Underfitting occurs when a model is too simple and fails to capture the key patterns in the data. This leads to inaccurate predictions for both the training data and new data.
Overfitting happens when a model becomes overly complex, fitting not only the true patterns but also the noise in the training data. This causes the model to perform well on the training set but poorly on new, unseen data.

To better illustrate these concepts, consider a model that predicts athletic performance based on stress levels. The blue dots in the chart represent the data points from the training set, while the lines show the model’s predictions after being trained on that data.

1 Underfitting: In this case, the model uses a simple straight line to predict performance, even though the actual relationship is curved. Since the line doesn’t fit the data well, the model is too simple and fails to capture important patterns, resulting in poor predictions. This is underfitting, where the model fails to learn the most useful properties of the data.

2 Optimal fit: Here, the model fits the curve of the data appropriately enough. It captures the underlying trend without being overly sensitive to specific data points or noise. This is the desired scenario, where the model generalizes reasonably well and can make accurate predictions on similar, new data. However, generalization can still be challenging when faced with vastly different or more complex datasets.
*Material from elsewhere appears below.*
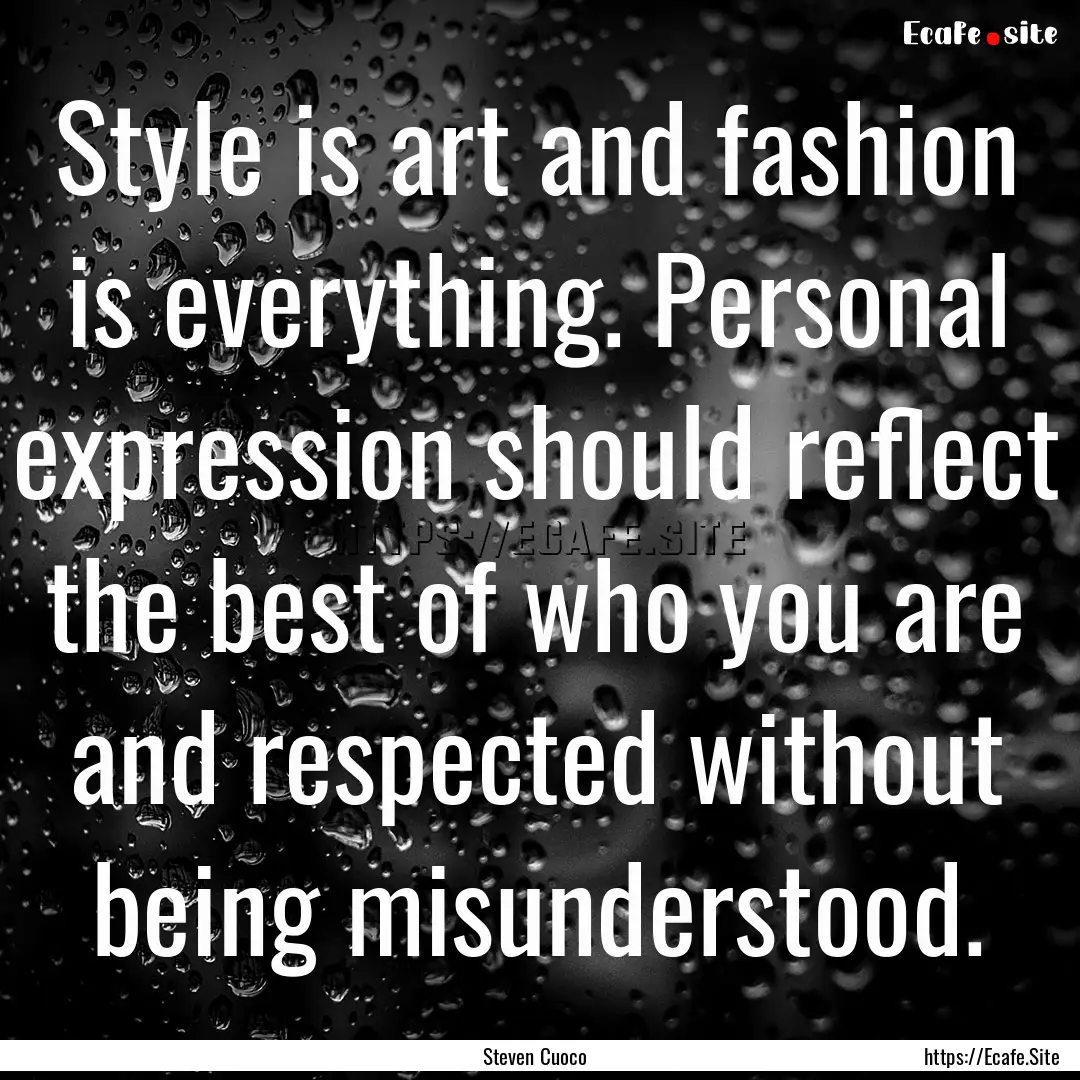 Style is art and fashion is everything. Personal.... : Quote by Steven Cuoco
3 Overfitting: In the overfitting scenario, the model closely follows almost every data point, including noise and random fluctuations in the training data. While the model performs extremely well on the training set, it is too specific to the training data, and so will be less effective when predicting new data. It struggles to generalize and will likely make inaccurate predictions when applied to unseen scenarios.

Common causes of underfitting

There are many potential causes of underfitting. The four most common are:

Model architecture is too simple.
Poor feature selection
Insufficient training data
Not enough training

Let’s dig into these a bit further to understand them.

Model architecture is too simple

Model architecture refers to the combination of the algorithm used to train the model and the model’s structure. If the architecture is too simple, it might have trouble capturing the high-level properties of the training data, leading to inaccurate predictions.

For example, if a model tries to use a single straight line to model data that follows a curved pattern, it will consistently underfit. This is because a straight line cannot accurately represent the high-level relationship in curved data, making the model’s architecture inadequate for the task.

Poor feature selection

Feature selection involves choosing the right variables for the ML model during training. For example, you might ask an ML algorithm to look at a person’s birth year, eye color, age, or all three when predicting if a person will hit the buy button on an e-commerce website.

If there are too many features, or the selected features don’t correlate strongly with the target variable, the model won’t have enough relevant information to make accurate predictions. Eye color might be irrelevant to conversion, and age captures much of the same information as birth year.

Insufficient training data

When there are too few data points, the model may underfit because the data does not capture the most important properties of the problem. This can happen either due to a lack of data or because of sampling bias, where certain data sources are excluded or underrepresented, preventing the model from learning important patterns.

Not enough training

Training an ML model involves adjusting its internal parameters (weights) based on the difference between its predictions and the actual outcomes. The more training iterations the model undergoes, the better it can adjust to fit the data. If the model is trained with too few iterations, it may not have enough opportunities to learn from the data, leading to underfitting.

How to detect underfitting

One way to detect underfitting is by analyzing the learning curves, which plot the model’s performance (typically loss or error) against the number of training iterations. A learning curve shows how the model improves (or fails to improve) over time on both the training and validation datasets.

The loss is the magnitude of the model’s error for a given set of data. Training loss measures this for the training data and validation loss for the validation data. Validation data is a separate dataset used to test the model’s performance. It is usually produced by randomly splitting a larger dataset into training and validation data.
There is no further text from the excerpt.